Patient attraction trends for the rest of 2020 shows that the COVID-19 pandemic created a massive increase in social media usage by would-be cosmetic patients. However, it also created stiff competition among surgeons to grab that attention of patients who are ready for cosmetic services.
That means if you want more leads, more inquiries, more conversions, more money and more growth, it’s smart to adapt your patient attraction plans accordingly.
Here are 3 patient-attraction trends affecting you the most, as well as strategies to adapt:
The increase in non-surgical technologies makes this industry very attractive to non-core providers who want to cash in, so now you are competing for cosmetic revenues with internists, gynecologists, NPs, PAs, RNs, med spas, laser techs and even aestheticians.
It’s time for you to brag about your extension surgical training and experience. Show off your medical degrees, board certification, awards, plaques, PR and your pro-bono efforts.
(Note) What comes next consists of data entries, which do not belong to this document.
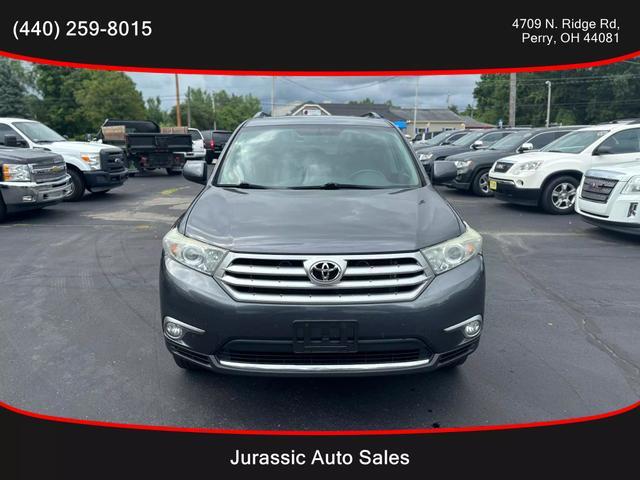 used 2012 Toyota Highlander car, priced at $10,495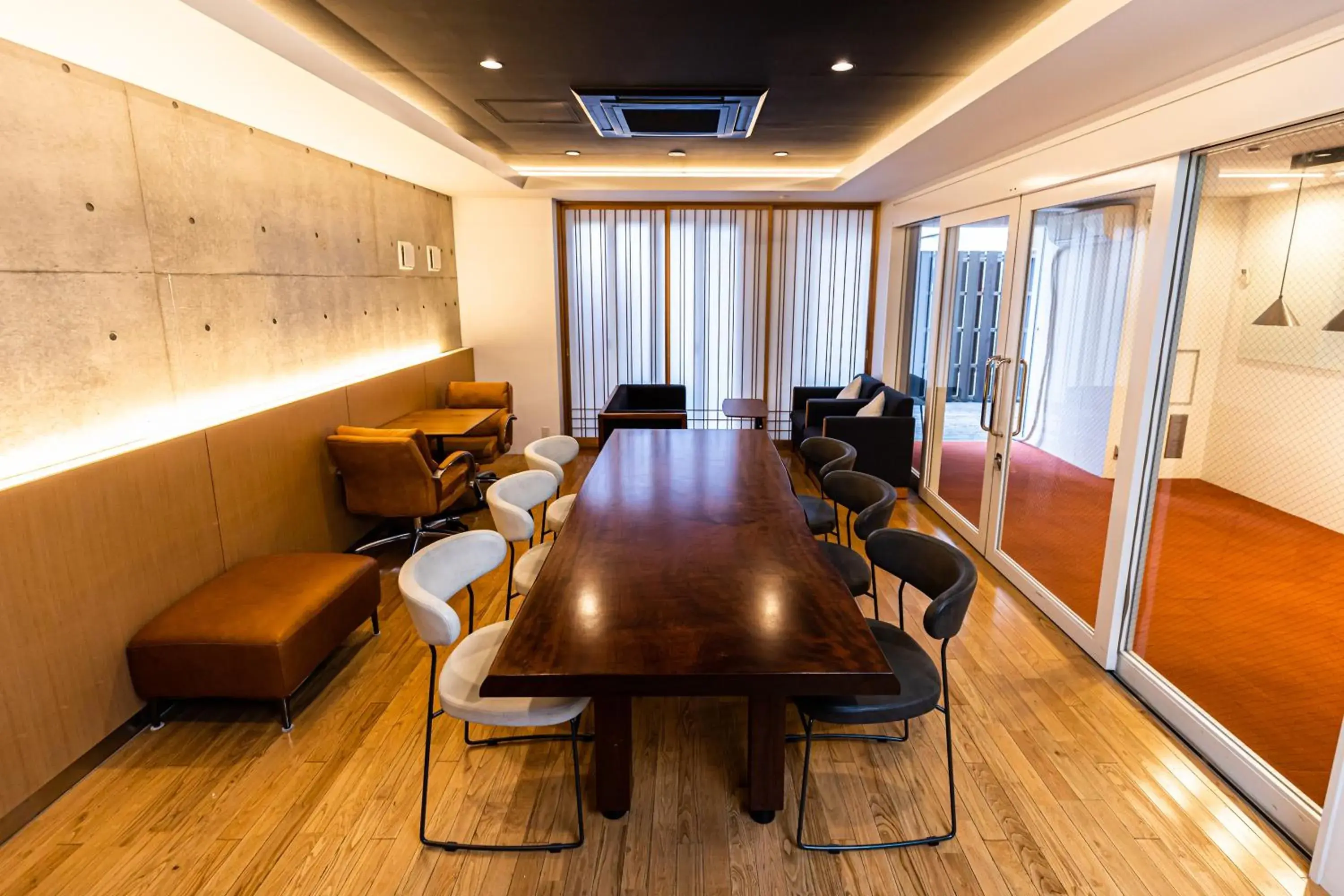 Lounge or bar in Minn Shin-Osaka Lounge or bar in Minn Shin-Osaka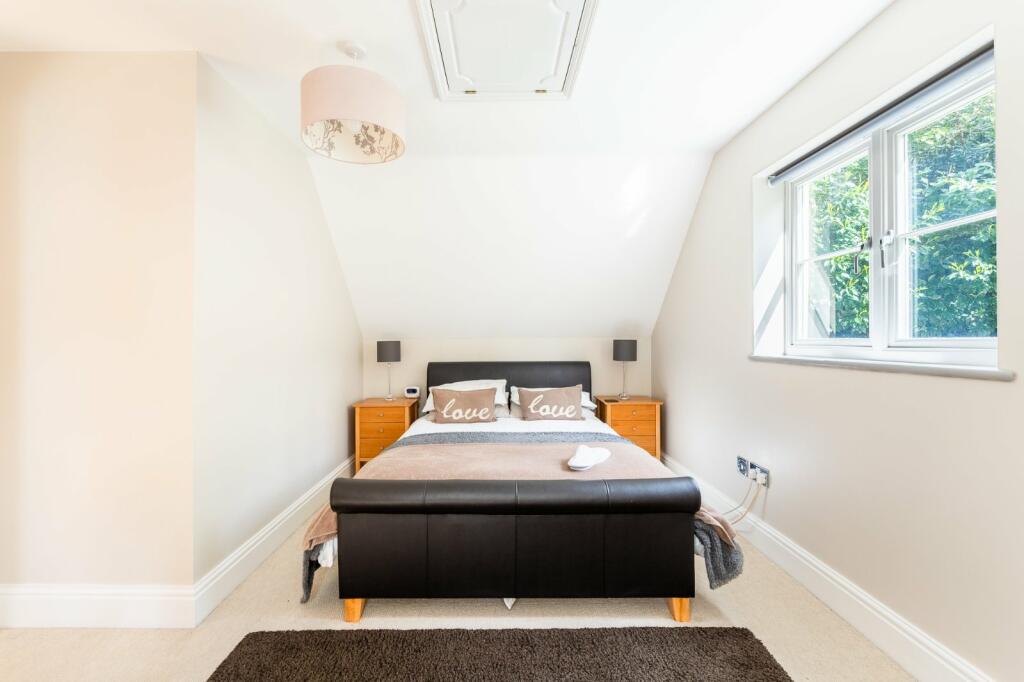 Additional property image - Nore Road, Portishead, Bristol, Somerset, BS20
Educate patients on surgical vs. non-surgical procedures and when surgery is necessary to get the results they want. Then show off your surgical expertise with your great before/after photos of your other real patients who had the same problem you were able to fix.
In other words, make a big deal out of things your competitors can’t, won’t or don’t.
And, as Jeff Bezos of Amazon says, “Branding is what people say about you when you’re not in the room.”
It would behoove you to build your brand based on trust, safety and helping others.
When it comes to price, you can no longer ignore what prospective patients see in the marketplace. They are bombarded with special deals and promotions. When price cutting is rampant, it’s confusing to patients to distinguish price from value.
If you have not done a good job explaining why you offer so much more value than your price-cutting competitors, these prospective patients don’t have a good enough reason to pay your higher prices.
Please don’t take this lightly. Obviously, you shouldn’t compete on price alone. But you MUST compete on brand.
That means you spend more time and effort educating prospective patients on your superior skills and expertise, you give them a great result, and then you WOW them with added-value customer service. It’s the way you make patients feel that makes them willing and happy to pay more to get more.
The point is to spend the time, money and effort on attracting the best quality patients to you who care about your status, develop a relationship with them and keep them coming back because they “value” you and your services more than saving a buck.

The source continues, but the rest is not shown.